To gauge the exact length and breadth of the shaft, Texas can expect twice as many days of 100-degree-plus heat by the year 2036, according to the climate risk assessment database Heat Factor, set up by a former executive at the Weather Channel. Apparently, economic forecasts can appear much brighter if you don't factor in sustainability.
But at least we can console ourselves in knowing we're better off tax-wise than the People's Republic of California, right? RIGHT?
Nope.
As pesky facts would have it, the high property and regressive sales taxes Texans fork over mean that all but the luckiest of us pay a higher effective tax rate than Californians do. If your household earns less than $55,000 a year, for example, more than 10% of what you make heads to the state capitol. If you're in the richest 1%, only 3% does. That must be what Texas Republicans mean by "tax fairness."
California Gov. Gavin Newsom gleefully gloated as much during his appearance at the Texas Tribune Festival in Austin earlier this month. "Your bills are higher in Texas than they are in California for residential electricity," he even added to rub things in.
Texans pay $154, while Californians pay $123, according to a recent analysis by financial site WalletHub.

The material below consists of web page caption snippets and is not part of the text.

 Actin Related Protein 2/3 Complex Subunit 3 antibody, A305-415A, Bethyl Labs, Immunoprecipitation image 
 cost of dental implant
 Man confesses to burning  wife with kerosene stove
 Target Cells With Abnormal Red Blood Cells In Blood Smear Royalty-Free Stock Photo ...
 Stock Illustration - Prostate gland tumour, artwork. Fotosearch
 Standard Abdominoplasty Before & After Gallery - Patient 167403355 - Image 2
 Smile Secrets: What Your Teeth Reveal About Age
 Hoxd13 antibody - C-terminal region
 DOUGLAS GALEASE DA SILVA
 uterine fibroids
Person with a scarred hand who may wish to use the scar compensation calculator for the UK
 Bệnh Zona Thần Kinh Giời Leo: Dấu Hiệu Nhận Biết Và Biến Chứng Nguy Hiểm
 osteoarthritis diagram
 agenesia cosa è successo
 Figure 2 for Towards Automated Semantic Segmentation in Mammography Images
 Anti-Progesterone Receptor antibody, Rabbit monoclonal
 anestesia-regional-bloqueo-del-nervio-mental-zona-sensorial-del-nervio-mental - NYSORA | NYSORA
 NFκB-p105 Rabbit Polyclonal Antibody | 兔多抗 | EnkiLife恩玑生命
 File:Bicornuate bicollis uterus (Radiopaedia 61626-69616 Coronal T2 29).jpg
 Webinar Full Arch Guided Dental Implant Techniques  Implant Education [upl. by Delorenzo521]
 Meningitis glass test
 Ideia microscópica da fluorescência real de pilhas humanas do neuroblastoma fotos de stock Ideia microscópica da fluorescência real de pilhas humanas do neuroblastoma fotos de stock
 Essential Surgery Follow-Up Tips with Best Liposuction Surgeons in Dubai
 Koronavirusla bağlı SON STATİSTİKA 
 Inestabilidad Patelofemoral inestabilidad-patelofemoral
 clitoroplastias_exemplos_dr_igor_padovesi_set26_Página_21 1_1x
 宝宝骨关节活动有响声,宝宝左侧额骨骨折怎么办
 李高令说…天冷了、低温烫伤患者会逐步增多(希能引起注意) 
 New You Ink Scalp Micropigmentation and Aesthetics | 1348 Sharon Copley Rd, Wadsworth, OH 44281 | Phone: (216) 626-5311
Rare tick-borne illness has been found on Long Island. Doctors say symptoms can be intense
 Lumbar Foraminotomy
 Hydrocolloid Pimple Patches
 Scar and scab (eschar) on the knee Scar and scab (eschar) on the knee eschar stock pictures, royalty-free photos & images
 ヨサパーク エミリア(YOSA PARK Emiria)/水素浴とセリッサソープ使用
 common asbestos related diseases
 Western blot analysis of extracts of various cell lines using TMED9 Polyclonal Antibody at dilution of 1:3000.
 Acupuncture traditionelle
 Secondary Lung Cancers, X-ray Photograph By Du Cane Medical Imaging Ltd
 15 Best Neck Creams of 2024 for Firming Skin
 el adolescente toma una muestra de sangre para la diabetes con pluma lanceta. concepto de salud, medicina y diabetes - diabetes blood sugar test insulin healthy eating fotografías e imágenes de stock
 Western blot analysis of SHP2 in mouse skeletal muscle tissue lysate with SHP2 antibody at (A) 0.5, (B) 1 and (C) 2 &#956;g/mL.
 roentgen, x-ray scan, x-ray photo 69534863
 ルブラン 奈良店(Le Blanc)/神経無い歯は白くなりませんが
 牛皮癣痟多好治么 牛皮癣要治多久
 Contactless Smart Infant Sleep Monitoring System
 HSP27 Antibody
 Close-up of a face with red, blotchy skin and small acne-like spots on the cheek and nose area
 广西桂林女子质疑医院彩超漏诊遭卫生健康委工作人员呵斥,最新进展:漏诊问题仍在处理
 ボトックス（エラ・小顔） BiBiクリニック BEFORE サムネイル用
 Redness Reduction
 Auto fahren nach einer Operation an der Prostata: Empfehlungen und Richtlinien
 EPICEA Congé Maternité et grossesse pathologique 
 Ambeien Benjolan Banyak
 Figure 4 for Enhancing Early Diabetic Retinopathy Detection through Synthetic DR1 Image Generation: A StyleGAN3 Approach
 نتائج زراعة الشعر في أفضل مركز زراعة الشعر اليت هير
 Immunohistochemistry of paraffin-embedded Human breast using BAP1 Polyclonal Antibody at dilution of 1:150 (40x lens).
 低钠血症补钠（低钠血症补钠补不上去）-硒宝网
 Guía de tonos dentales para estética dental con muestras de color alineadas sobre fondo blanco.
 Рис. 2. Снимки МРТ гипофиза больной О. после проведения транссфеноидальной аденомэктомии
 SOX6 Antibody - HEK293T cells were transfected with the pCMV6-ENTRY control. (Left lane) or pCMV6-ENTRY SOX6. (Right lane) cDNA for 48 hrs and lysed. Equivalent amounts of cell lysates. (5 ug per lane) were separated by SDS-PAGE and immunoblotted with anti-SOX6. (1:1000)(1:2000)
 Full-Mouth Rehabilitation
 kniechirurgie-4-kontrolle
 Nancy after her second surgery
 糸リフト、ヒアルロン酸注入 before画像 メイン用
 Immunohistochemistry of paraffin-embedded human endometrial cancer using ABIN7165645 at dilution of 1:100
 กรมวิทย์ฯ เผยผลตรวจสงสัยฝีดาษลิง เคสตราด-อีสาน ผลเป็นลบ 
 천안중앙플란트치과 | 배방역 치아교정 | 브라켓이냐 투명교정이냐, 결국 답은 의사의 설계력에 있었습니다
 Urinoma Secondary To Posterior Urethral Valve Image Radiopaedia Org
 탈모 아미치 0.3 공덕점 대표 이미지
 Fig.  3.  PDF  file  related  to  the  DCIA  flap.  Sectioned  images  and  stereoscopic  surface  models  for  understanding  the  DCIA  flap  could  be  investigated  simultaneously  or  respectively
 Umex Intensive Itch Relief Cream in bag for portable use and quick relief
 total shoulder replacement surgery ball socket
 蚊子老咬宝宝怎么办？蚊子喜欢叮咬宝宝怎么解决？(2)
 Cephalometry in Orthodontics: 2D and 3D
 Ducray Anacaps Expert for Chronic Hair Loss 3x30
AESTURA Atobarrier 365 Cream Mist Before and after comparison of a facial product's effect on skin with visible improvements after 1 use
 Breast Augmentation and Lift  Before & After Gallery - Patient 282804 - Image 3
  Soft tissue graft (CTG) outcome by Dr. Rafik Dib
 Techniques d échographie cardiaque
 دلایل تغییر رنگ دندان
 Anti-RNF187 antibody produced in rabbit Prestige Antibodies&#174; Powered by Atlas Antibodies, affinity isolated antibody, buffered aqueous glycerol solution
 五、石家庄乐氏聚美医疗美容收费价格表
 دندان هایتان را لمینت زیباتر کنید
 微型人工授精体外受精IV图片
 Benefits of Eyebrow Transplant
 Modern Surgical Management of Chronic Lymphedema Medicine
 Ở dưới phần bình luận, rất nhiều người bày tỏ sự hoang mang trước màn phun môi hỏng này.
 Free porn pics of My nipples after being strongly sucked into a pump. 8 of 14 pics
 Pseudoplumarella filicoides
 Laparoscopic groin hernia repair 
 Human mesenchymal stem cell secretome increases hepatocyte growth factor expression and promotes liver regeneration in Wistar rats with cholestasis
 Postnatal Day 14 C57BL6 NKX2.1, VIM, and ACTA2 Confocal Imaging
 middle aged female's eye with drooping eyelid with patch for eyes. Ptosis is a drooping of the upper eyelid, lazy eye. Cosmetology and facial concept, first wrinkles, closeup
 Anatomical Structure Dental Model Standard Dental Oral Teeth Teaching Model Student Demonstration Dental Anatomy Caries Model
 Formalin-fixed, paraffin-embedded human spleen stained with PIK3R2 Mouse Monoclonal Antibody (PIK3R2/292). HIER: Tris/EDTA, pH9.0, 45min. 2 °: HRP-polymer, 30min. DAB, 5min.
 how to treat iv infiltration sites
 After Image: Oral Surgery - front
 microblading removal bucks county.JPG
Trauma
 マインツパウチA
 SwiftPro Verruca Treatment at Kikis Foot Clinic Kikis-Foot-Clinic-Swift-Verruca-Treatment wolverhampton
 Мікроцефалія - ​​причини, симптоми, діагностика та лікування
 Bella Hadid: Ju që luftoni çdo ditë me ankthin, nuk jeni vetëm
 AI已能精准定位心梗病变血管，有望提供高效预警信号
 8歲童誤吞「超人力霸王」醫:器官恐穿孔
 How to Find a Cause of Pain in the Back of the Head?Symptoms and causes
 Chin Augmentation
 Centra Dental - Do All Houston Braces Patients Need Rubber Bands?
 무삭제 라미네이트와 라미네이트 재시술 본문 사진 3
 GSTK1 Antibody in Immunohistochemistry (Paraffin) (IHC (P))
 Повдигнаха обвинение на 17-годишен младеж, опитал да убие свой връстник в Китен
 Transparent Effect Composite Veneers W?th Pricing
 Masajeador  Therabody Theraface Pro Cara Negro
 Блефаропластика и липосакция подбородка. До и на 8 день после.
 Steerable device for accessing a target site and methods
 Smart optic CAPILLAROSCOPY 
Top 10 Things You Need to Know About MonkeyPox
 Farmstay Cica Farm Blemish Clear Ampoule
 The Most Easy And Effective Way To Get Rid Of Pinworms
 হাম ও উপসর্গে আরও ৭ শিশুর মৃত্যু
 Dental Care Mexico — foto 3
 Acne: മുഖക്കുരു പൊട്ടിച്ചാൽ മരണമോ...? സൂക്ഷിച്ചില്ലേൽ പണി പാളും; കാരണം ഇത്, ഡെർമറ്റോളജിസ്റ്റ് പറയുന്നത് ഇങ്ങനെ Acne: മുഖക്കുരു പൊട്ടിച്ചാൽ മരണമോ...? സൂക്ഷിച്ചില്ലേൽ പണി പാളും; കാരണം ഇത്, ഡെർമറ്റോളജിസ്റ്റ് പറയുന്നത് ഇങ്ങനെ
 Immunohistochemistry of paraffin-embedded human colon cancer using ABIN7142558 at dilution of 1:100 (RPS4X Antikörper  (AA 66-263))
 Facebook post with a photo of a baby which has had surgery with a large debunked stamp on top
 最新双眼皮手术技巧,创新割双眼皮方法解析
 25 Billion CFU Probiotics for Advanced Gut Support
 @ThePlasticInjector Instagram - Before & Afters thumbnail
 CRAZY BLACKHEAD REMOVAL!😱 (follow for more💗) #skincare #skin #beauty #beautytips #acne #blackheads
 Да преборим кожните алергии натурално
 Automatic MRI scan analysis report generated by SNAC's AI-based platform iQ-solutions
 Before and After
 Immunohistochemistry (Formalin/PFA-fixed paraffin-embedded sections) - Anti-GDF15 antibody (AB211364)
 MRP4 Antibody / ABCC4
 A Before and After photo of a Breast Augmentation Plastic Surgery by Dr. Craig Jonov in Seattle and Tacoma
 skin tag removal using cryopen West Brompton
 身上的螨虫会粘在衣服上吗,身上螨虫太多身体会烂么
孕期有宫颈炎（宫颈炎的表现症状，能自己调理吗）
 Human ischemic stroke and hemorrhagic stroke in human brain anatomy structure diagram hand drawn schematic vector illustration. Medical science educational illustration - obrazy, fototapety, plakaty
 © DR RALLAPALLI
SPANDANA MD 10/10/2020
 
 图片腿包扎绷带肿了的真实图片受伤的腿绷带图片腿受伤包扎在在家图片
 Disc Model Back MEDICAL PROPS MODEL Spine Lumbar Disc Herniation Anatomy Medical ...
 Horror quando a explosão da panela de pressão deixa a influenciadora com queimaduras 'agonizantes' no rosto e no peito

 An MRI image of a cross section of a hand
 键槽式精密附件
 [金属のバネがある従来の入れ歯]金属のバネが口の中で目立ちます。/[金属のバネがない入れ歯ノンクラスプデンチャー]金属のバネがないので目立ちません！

While California has experienced zero blackouts in 2021 and 2022, six of Texas' power plants shut down thanks to extreme heat in May. And the Texas freeze in February of last year exacted nearly $200 billion in damage and killed hundreds. Renewable energy sources including wind and solar saved us from far worse disaster.
Now, it's true that when the world's most popular podcaster, Joe Rogan, moved from Los Angeles to Austin, he saved an estimated $13 million on his state taxes. And Rogan's compadre in pandemic misinformation, Elon Musk, saved at least $1.1 billion with his recent move to the Lone Star State. That surely buys a lot of awkwardly fitting cowboy hats.
But that's them — not most readers of this column. And if you'd enjoy wiping that annoying smirk off Gavin Newsom's face as much as I would, remember that you and I, Rogan and Musk, each get one ballot this November.
"It is difficult to believe that if the children of Texas had a free choice, they would choose to be educated in districts with fewer resources," Justice Thurgood Marshall wrote in his dissent to the San Antonio Independent School District v. Rodriquez case. "That a child forced to attend an underfunded school with poorer physical facilities, less experienced teachers, larger classes, and a narrower range of courses than a school with substantially more funds may nevertheless excel is to the credit of the child, not the State. Indeed, who can ever measure for such a child the opportunities lost and the talents wasted for want of a broader, more enriched education?"
In terms of opportunity costs, imagine how different a country this would be if funding schools with property taxes had been ruled unconstitutional 49 years ago and low- and middle-income students had significantly more material advantages with which to flourish.
Or if, 28 years ago, Democrat Ann Richards hadn't lost the Texas governorship to Republican George W. Bush, whom five justices saw fit to appoint as president, leaving catastrophes in his wake from the Middle East to New Orleans.
Let's not allow our failure to elect Beto O'Rourke become a similarly consequential regret in retrospect.